◆ Your objective: Take the material below and output exactly the run of lines from the one containing "Off-Route sling bag" down to the one containing "Hunter green Tumi crossbody adjustable", with both included.

◆ Input records:
□ □ □ □ □ □ □
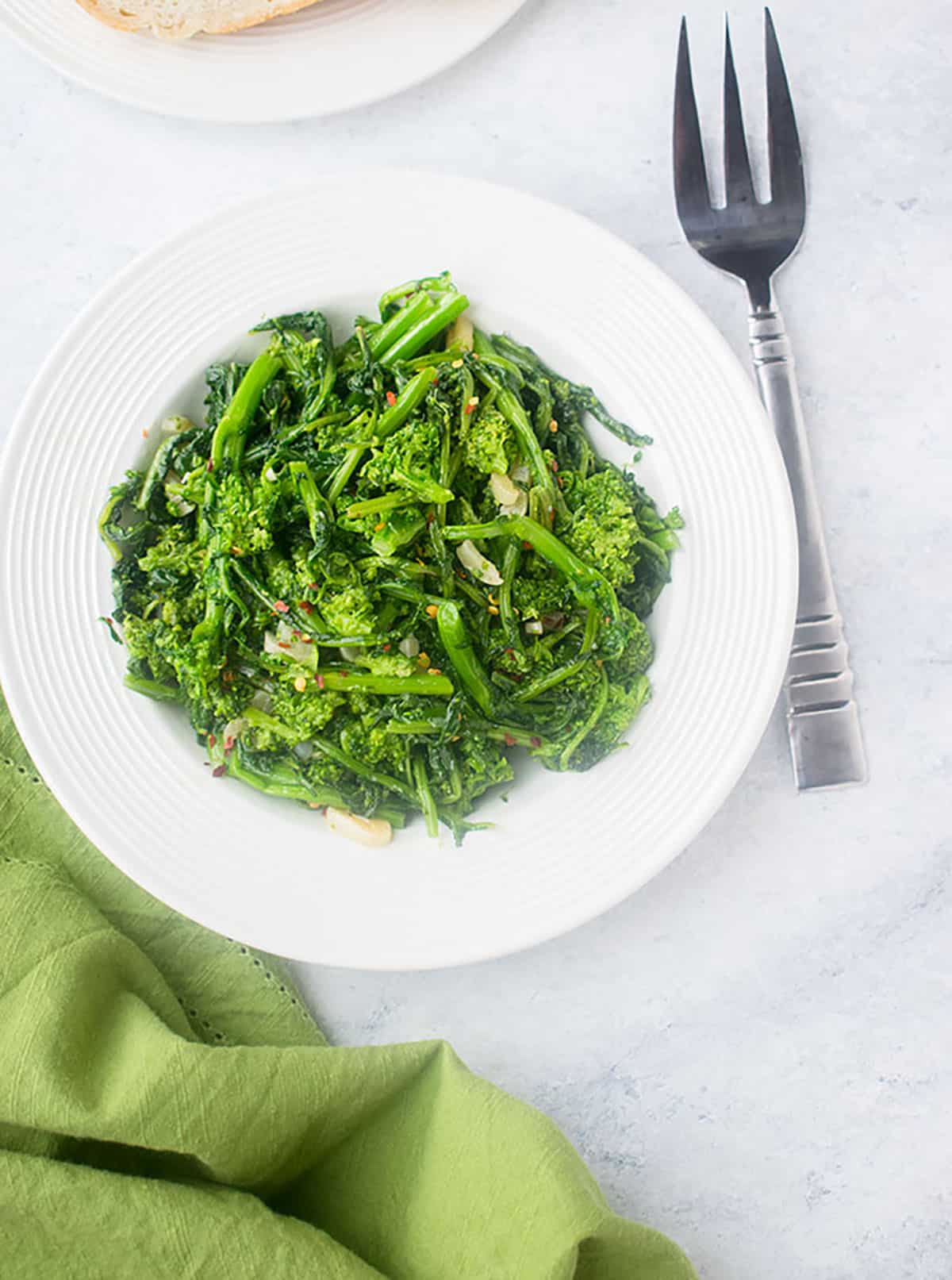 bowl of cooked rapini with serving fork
□ □ □ □ □ □ □
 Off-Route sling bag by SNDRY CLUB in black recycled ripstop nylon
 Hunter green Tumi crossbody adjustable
□ □ □ □ □ □ □
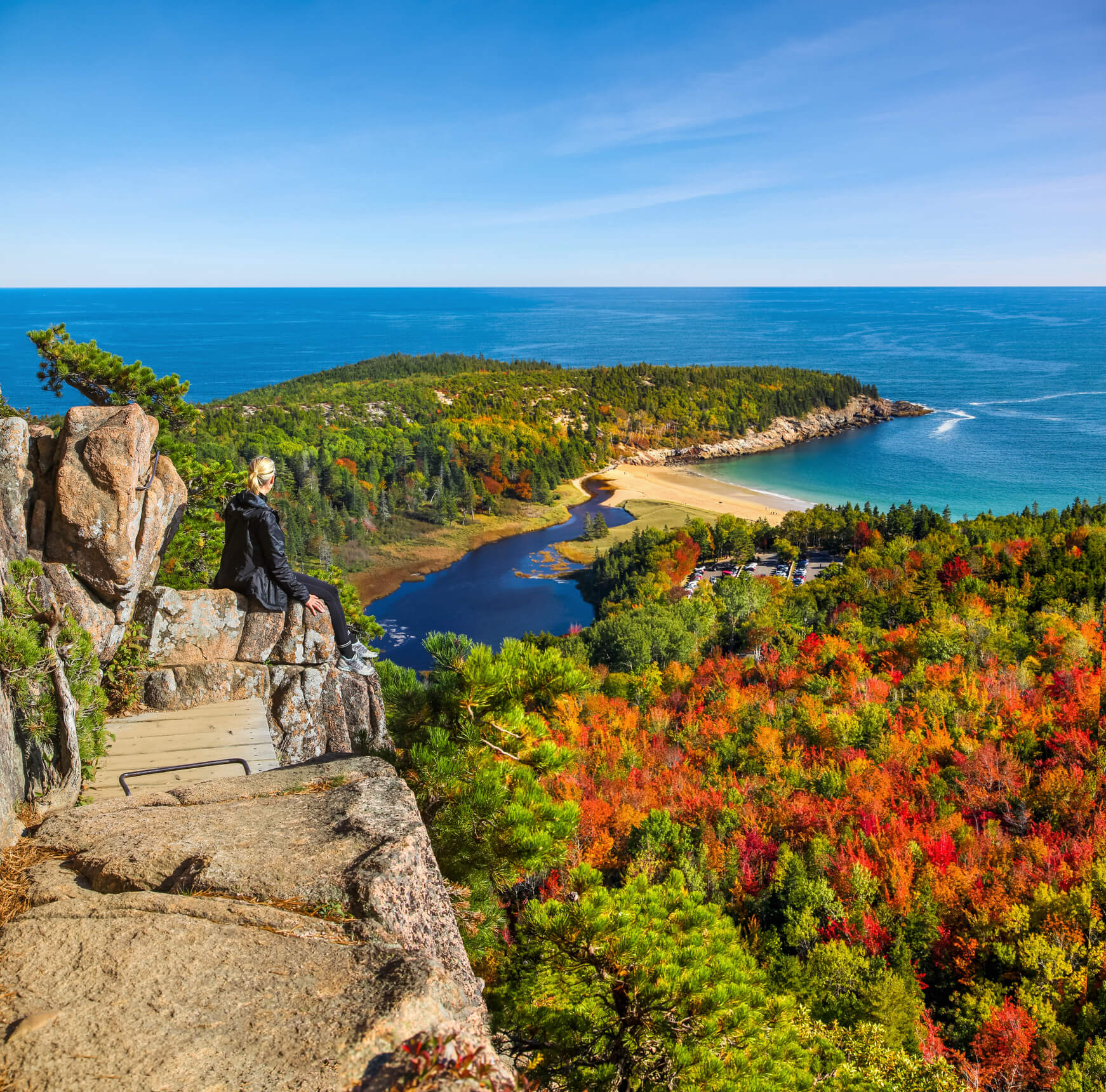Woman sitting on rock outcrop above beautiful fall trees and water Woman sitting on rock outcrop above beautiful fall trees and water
□ □ □ □ □ □ □
◆ Response area:
 Off-Route sling bag by SNDRY CLUB in black recycled ripstop nylon
 Hunter green Tumi crossbody adjustable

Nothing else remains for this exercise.